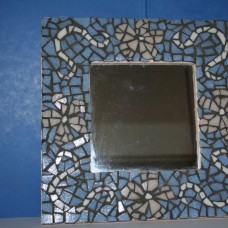 Mozaik: Modro ogledalo z rožicami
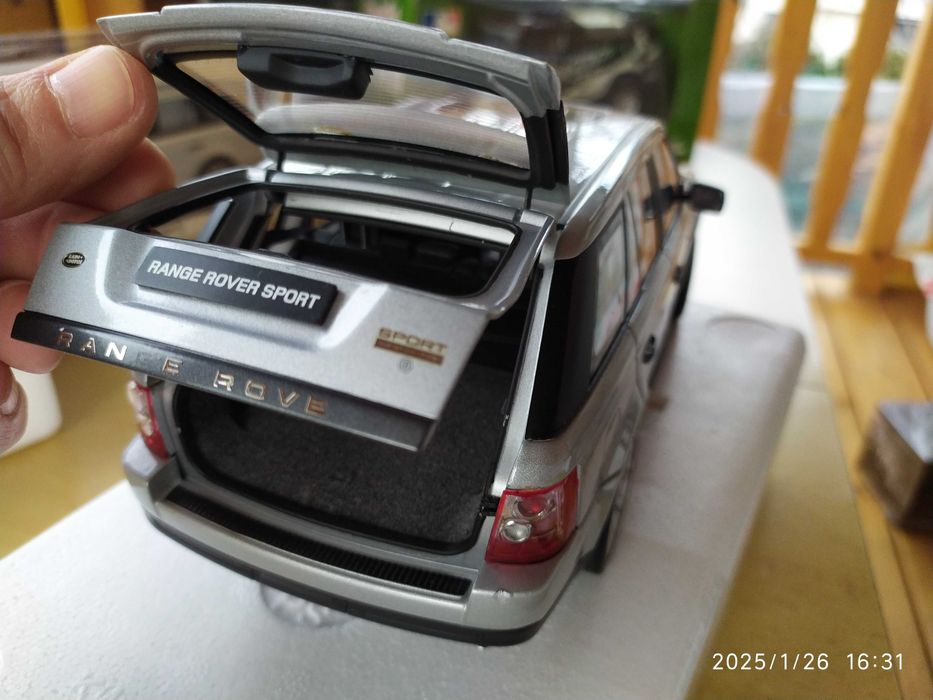 1:18 Метален модел на  Range Rover Sport AUTOart Millennium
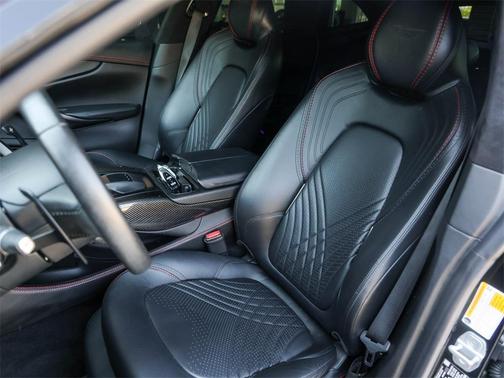 2021 Aston Martin DBX Base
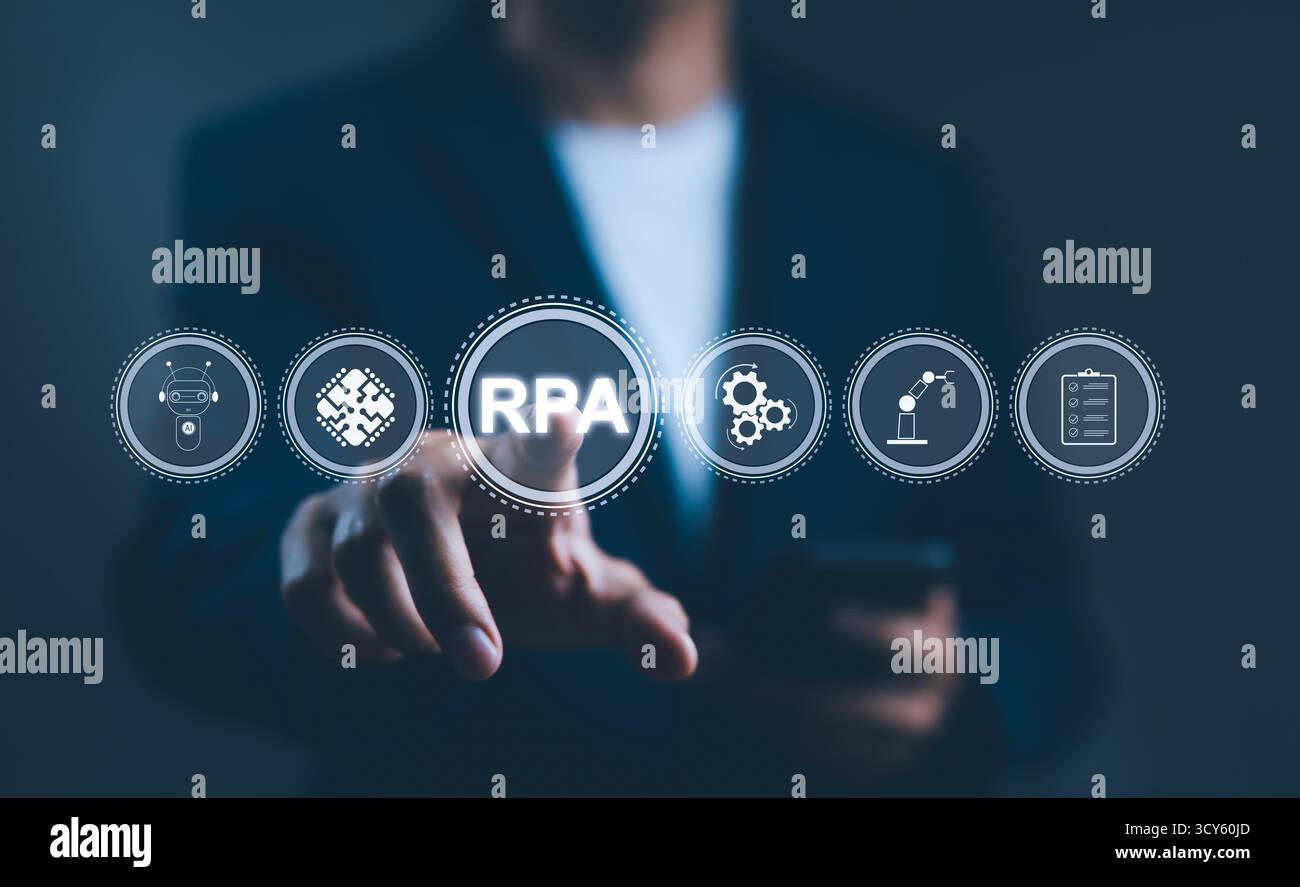 RPA-Konzept. Geschäftsmann interagiert mit einer virtuellen Benutzeroberfläche, die RPA-Symbole anzeigt, die die Automatisierung von Roboterprozessen und moderne Technologie darstellen Stockfoto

Required work ▸ Your reply must match the data above line for line, except that it holds no pictures.

Finished task ▸
 Mozaik: Modro ogledalo z rožicami
 1:18 Метален модел на  Range Rover Sport AUTOart Millennium
 2021 Aston Martin DBX Base
 RPA-Konzept. Geschäftsmann interagiert mit einer virtuellen Benutzeroberfläche, die RPA-Symbole anzeigt, die die Automatisierung von Roboterprozessen und moderne Technologie darstellen Stockfoto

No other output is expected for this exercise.